For forty days and forty nights it rained in the desert, while Noah was in the ark...

Jesus walked the desert for forty days and forty nights. (Lent is 40 days long).

In many parts of the Judeo-Christian Bible, the length of time forty days and forty nights is mentioned again and again. Modern theologians believe that forty days and forty nights was not a set length of time but a storytelling convention. It is believed that the idea of "forty days and forty nights" really meant "a long length of time that no one really kept track of". This is to keep story accuracy, without worrying about the minute details of actual numbers, where they didn't matter.

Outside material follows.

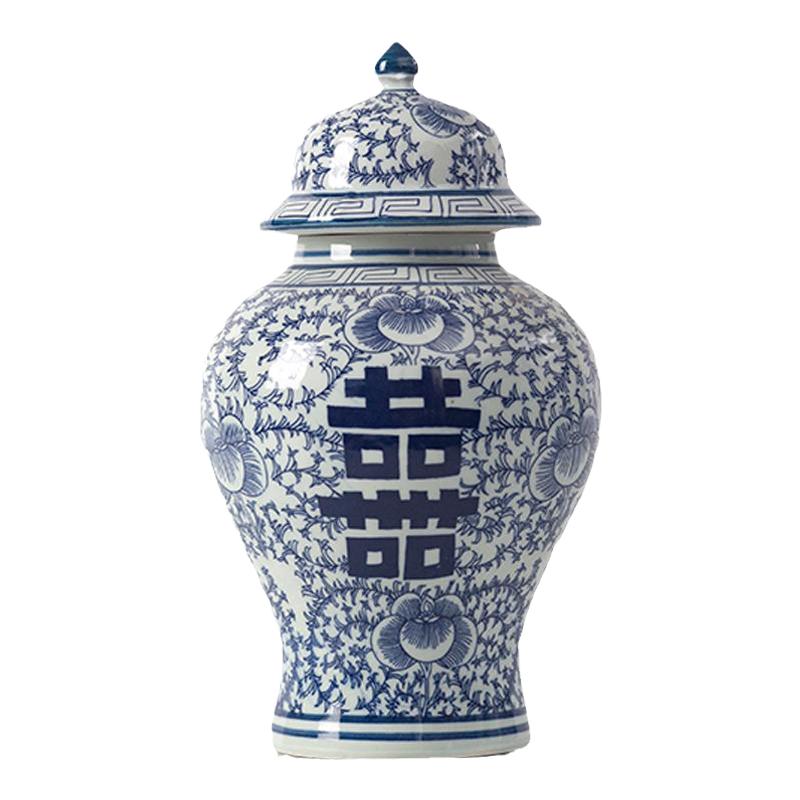 景德鎮(zhèn)中式仿古青花手工瓷器喜字儲物罐客廳博古架擺件茶葉罐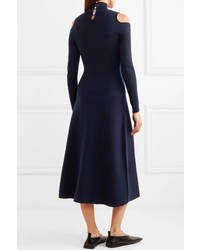 Gabriela Hearst Silveira Cold Shoulder Wool Blend Midi Dress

It also made stories easy to remember. For generations, the Bible was not written down many times, and thus vague generalizations made it much easier to remember the stories. You will notice the number forty in the bible many times, in other places, not for a length of time. It stands for simply "a long time", or "a large amount". In stories such as "The Forty Martyrs", it is not simply a weird conincidence that there are forty people killed. It is simply meant that a lot of people died that day, so many that people didn't really keep track of it.

Typically you will not find these generalizations in the "well kept" parts of the bible: Hebrew Law and the Letters to (X). These were well kept, and well studied (and started off written down). The more "vague" portions of the Bible (Genesis, the early Hebrew Books, non-Biblical accounts of early Christianity) are more likely to have this sort of generalization, as they were more story than scripture for a long time.